I'm using crawlee@3.0.3
(not released yet, from github), and I'm trying to block specific resources from loading with playwrightUtils.blockRequests
(which isn't available in previous versions). When I try the code suggested in the official repo, it works as expected:
import { launchPlaywright, playwrightUtils } from 'crawlee';
const browser = await launchPlaywright();
const page = await browser.newPage();
await playwrightUtils.blockRequests(page, {
// extraUrlPatterns: ['adsbygoogle.js'],
});
await page.goto('https://cnn.com');
await page.screenshot({ path: 'cnn_no_images.png' });
await browser.close();
I can see that the images aren't loaded from the screenshot.
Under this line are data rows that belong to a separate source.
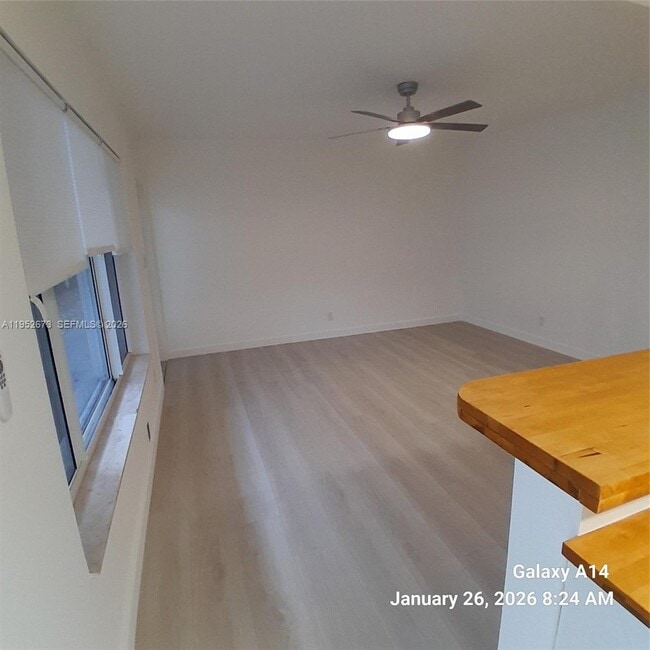 Building Photo - 2344 NE 12th St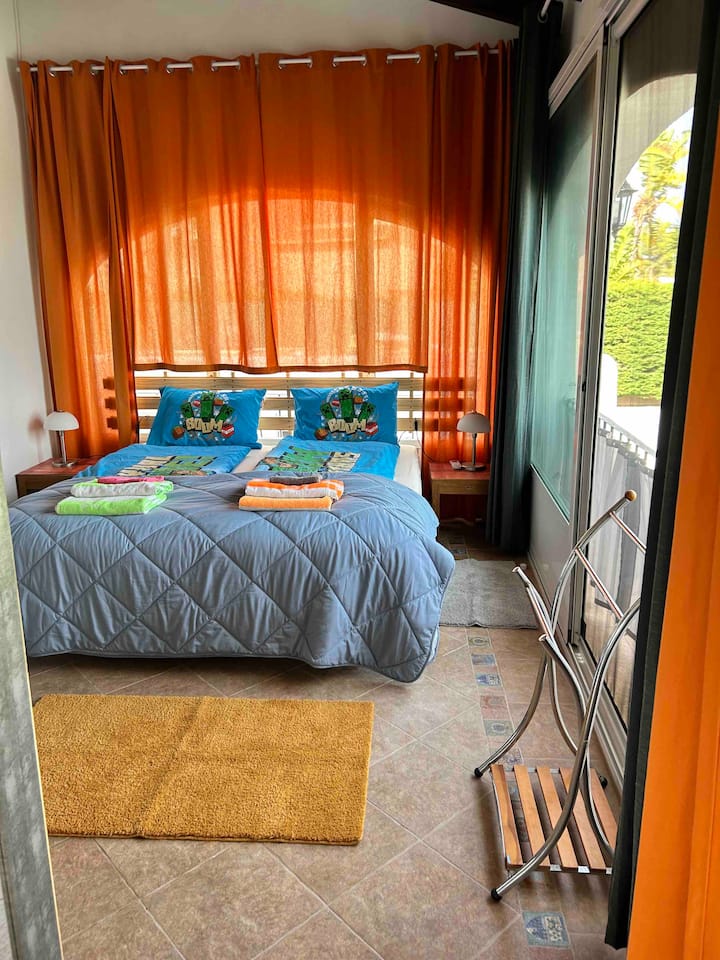 Chambre 4
 Lit double 2x90x200, armoire, 2 tables de nuit, climatisation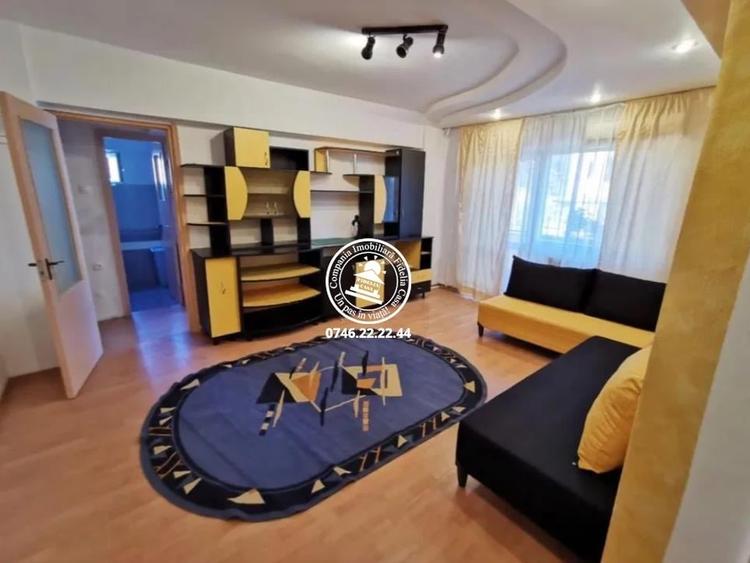 Apartament cu 3 camere decomandat, mobilat în Central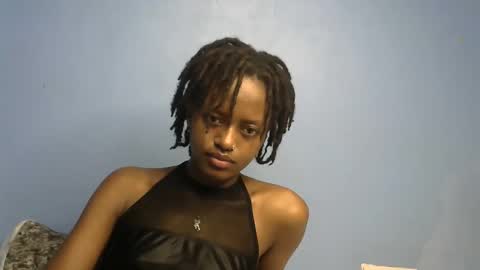 petite_star2 online show from 02.01.26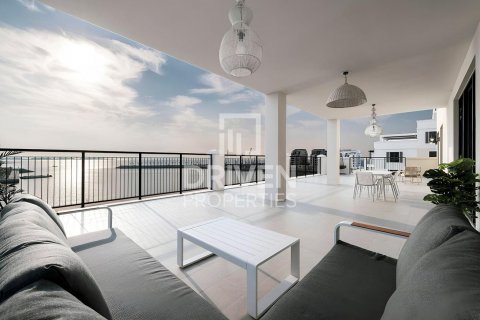 Apartment sa Jumeirah, Dubai, UAE 4 silid-tulugan, 355 sq.m. № 602370 - larawan 3
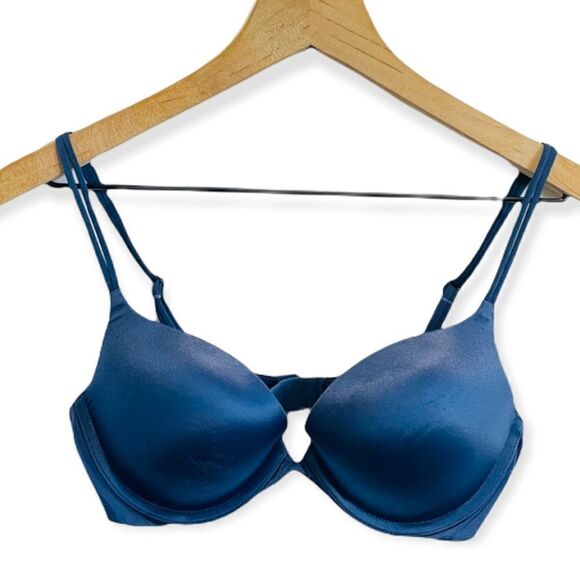 Victoria’s Secret blue bra padded adjustable - Picture 1 of 9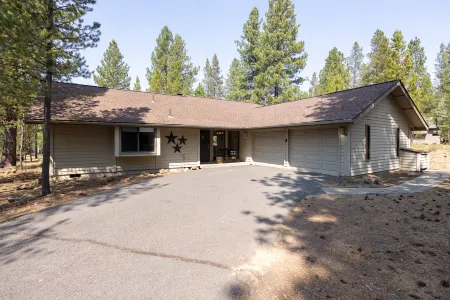 Charming Getaway with Hot Tub and Ping Pong - Cozy Retreat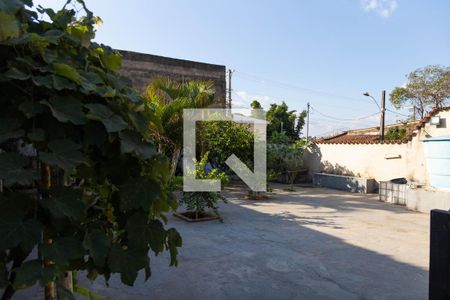 Casa à venda com 435m², 4 quartos e 3 vagas Casa à venda com 435m², 4 quartos e 3 vagasQuintal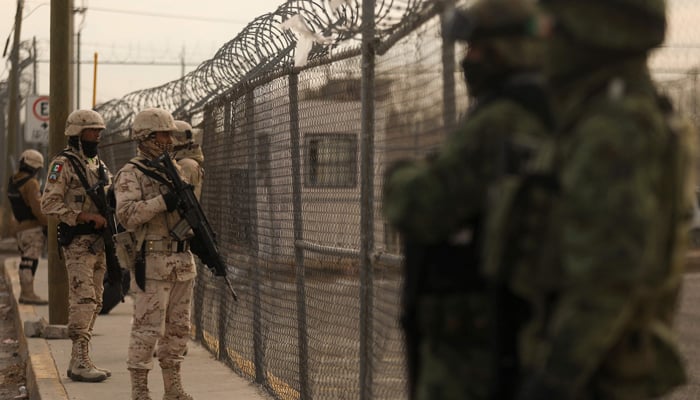 Meksika Ordusu mensupları, Ciudad Juarez 3 numaralı cezaevinin dışındaki bir alanı güvenlik altına aldı. — AFP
My problem has to do with the fact that I'm using PlaywrightCrawler
:
const crawler = new PlaywrightCrawler({
maxRequestsPerCrawl: 3,
async requestHandler({ page, request }) {
console.log(`Processing: ${request.url}`);
await playwrightUtils.blockRequests(page);
await page.screenshot({ path: 'cnn_no_images2.png' });
},
});
This way, I'm not able to block specific resources, and my guess is that blockRequests
needs launchPlaywright
to work, and I don't see a way to pass that to PlaywrightCrawler
.blockRequests
has been available for puppeteer
, so maybe someone has tried this before.
Also, i've tried "route interception", but again, I couldn't make it work with PlaywrightCrawler
.
you can set any listeners or code before navigation by using preNavigationHooks
like this:
const crawler = new PlaywrightCrawler({
maxRequestsPerCrawl: 3,
preNavigationHooks: [async ({ page }) => {
await playwrightUtils.blockRequests(page);
}],
async requestHandler({ page, request }) {
console.log(`Processing: ${request.url}`);
await page.screenshot({ path: 'cnn_no_images2.png' });
},
});